What does security mean to you?
I've been thinking a lot about that question in the last few days as I responded to Hurricane Katrina.
When I had last spoken with my parents, they were staying in their home on the beach in Pass Christian, Miss., a town between Gulfport and New Orleans. That was Sunday afternoon, before Katrina reached land.
On Tuesday morning, after working all night to put together finishing touches on security industry stories that you see on our site, I loaded up my truck with emergency response and survival equipment from my garage and set off for the Mississippi Gulf Coast, leaving Atlanta. I had still not heard from my parents, and the early reports I saw painted a grim, grim picture.
Eleven hours and countless detours later, I had been redirected away from quickly established military checkpoints and police roadblocks. Having grown up on the Coast, I was able to take the backroads that hadn't been closed by police and where the local farmers had taken out their chainsaws and cleared a somewhat usable path down rural roads. I reached the house after getting lost on roads I grew up on. With the signs gone and many landmarks destroyed, I felt at times that I was in a land I'd never seen before.
Ten miles from the coast, I stopped in at the West Harrison County Volunteer Fire Station. Even with my GPS unit I was still lost. The roads that were passable weren't the ones the mapping program knew. Inside the station, which had been partly ripped apart from the winds, I found a young family holed away. The father, a firefighter at the station, clued me in to which road I was on -- it was one I had driven hundreds of times on my way to our family farm, and I didn't recognize it. When I told him where I would be looking for my parents, he was silenced and looked like he was holding back. "It's real bad," was all he could say.
A half-hour and many more detours later, it was 10 p.m., and I was driving down roads, dodging powerlines and downed trees. I had the radio off and my window down and except for the occasional site of a police officer in his cruiser, the area was eerily quiet. I eased my way through deep water covering roads, rolled tentatively across low bridges that were structurally marginal even before the storm. Gazing out of my window at the damage, I was muted by the destruction of everything I saw.
In the quiet of this dismal night, I passed the noise of a generator at the Pass Christian Fire Department Station and drove two more blocks to the gravel driveway that led forward to my parents house. I pulled on my boots and grabbed a heavy-duty Mag Lite and started trudging through the mud toward the house. The smell of decay and free flowing natural gas from ruptured lines overwhelmed my senses. As I climbed out of a pile of downed trees, I started to see my parents' belongings.

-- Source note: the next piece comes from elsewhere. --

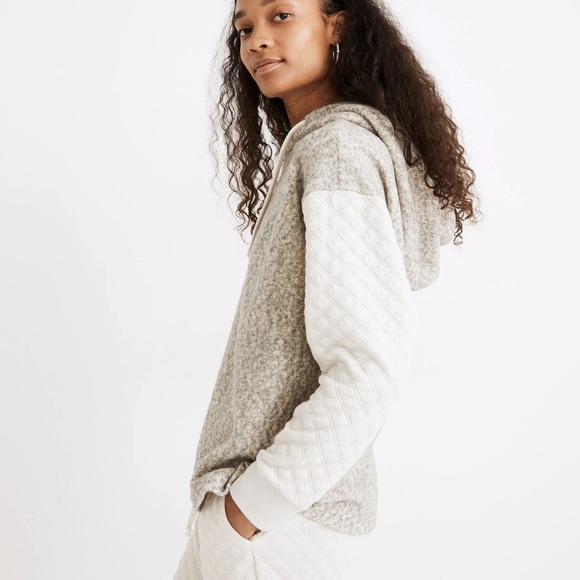 Madewell Quilted-Sleeve Hoodie Sweatshirt - Picture 2 of 6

When I saw major parts of their house under my feet, my heart dropped. I walked forward, stepping over the stuff of their memories and following the light provided by my flashlight, coming upon a random car left under a tree in my family's backyard. My family's own cars were half-pushed through walls of the garage and had come to rest up against beams. Fifty feet further and I was nearing the house, which was tilted, cracked and had gaping chunks missing from it.
I said an instant prayer that I would not be finding my mother or father's bodies and then I pushed toward the uprooted, scrambled structure of a home that had survived since just after the Civil War. I stepped up into what was left of home's side entrance over a pile of rubble and stood there in the most amazing sight -- my father had written on the wall: "Steve and Helen Kohl are OK - 8/29/05". I shouted their names but heard no response and moved around to the front of the house where a hundred year old magnolia tree had crashed down. I stood where the porch had been and looked inside the shell of the house, now 15 feet from its former foundations. With no word from my shouts, I knew they were not inside. It was then that I turned around and looked out at the Gulf of Mexico, which lapped in a deceptively peaceful manner against the beach in front of the house.